# Problem requirements:
For each entry, output its words exactly and leave any picture behind.

# Information provided:
____________________

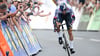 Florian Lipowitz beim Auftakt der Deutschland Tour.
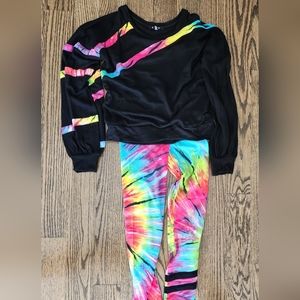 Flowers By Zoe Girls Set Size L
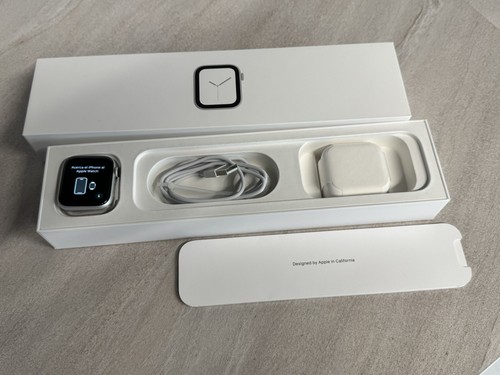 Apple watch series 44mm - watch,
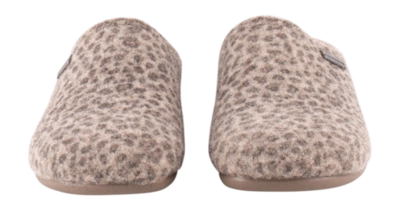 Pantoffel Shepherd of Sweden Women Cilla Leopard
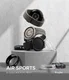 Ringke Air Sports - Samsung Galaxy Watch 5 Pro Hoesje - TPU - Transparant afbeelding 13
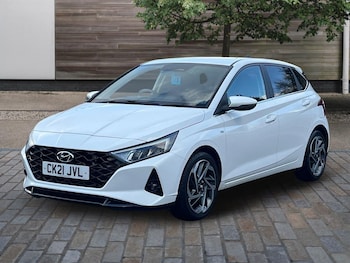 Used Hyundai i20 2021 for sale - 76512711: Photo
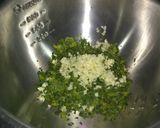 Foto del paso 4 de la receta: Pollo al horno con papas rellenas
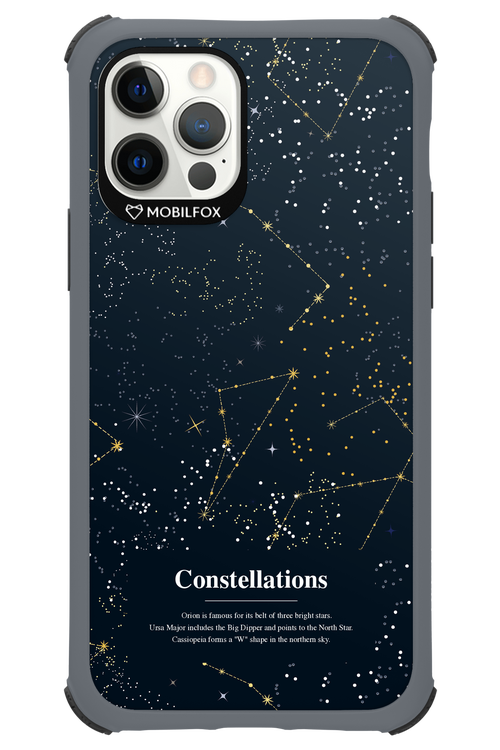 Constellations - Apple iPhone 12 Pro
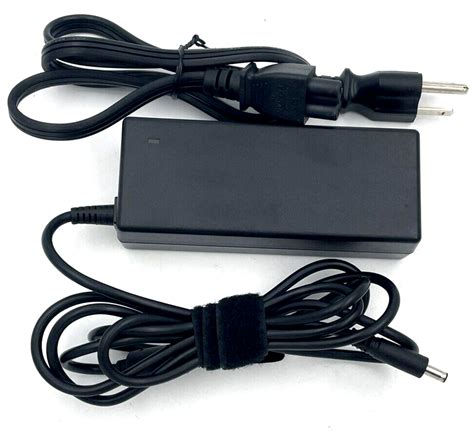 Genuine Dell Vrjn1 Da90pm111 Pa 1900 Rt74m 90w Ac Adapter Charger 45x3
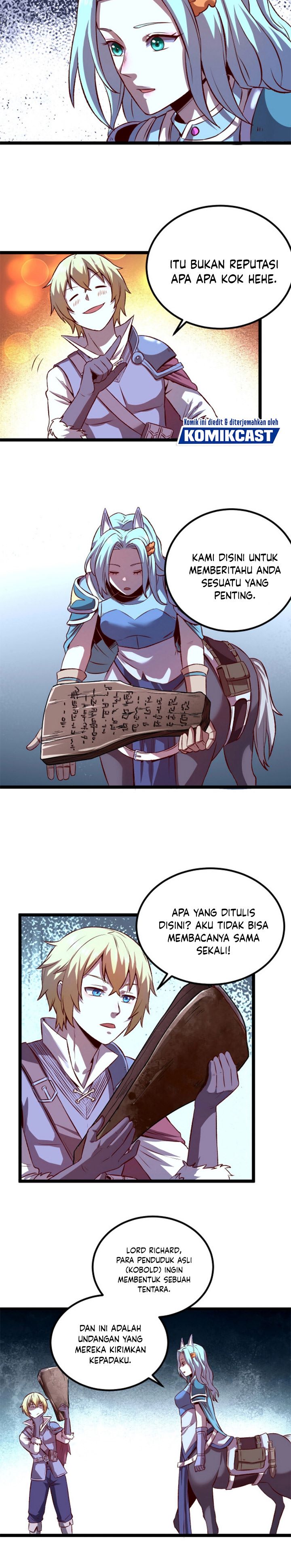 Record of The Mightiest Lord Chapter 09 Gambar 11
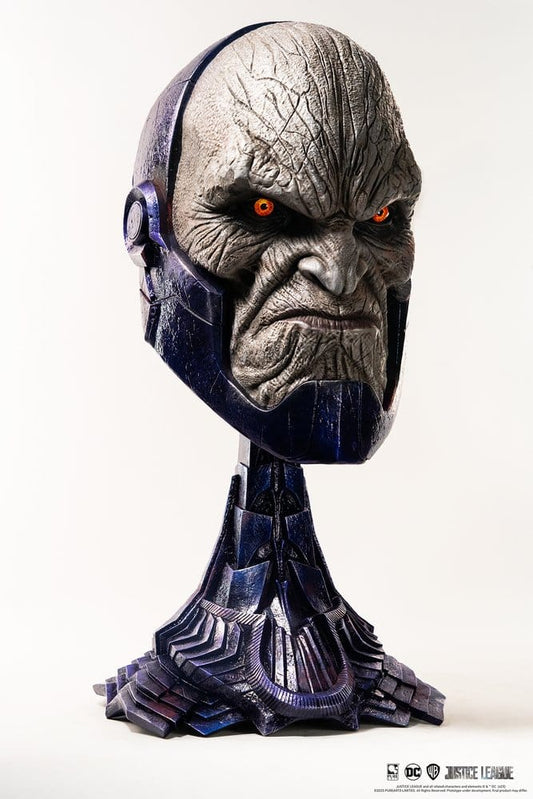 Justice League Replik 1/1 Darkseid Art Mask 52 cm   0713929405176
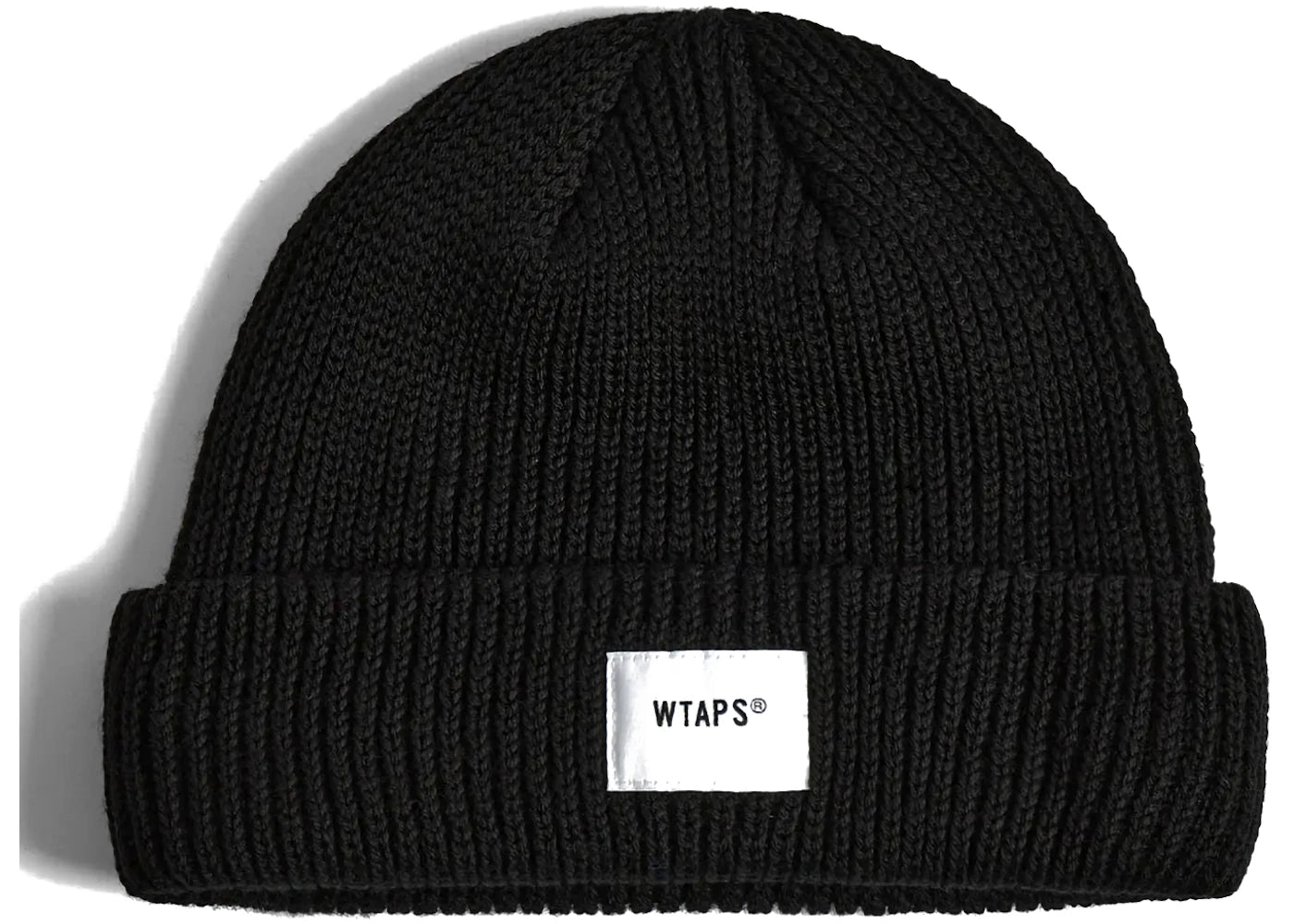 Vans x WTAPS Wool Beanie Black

____________________

# Solution:
 Florian Lipowitz beim Auftakt der Deutschland Tour.
 Flowers By Zoe Girls Set Size L
 Apple watch series 44mm - watch,
 Pantoffel Shepherd of Sweden Women Cilla Leopard
 Ringke Air Sports - Samsung Galaxy Watch 5 Pro Hoesje - TPU - Transparant afbeelding 13
 Used Hyundai i20 2021 for sale - 76512711: Photo
 Foto del paso 4 de la receta: Pollo al horno con papas rellenas
 Constellations - Apple iPhone 12 Pro
 Genuine Dell Vrjn1 Da90pm111 Pa 1900 Rt74m 90w Ac Adapter Charger 45x3
 Record of The Mightiest Lord Chapter 09 Gambar 11
 Justice League Replik 1/1 Darkseid Art Mask 52 cm   0713929405176
 Vans x WTAPS Wool Beanie Black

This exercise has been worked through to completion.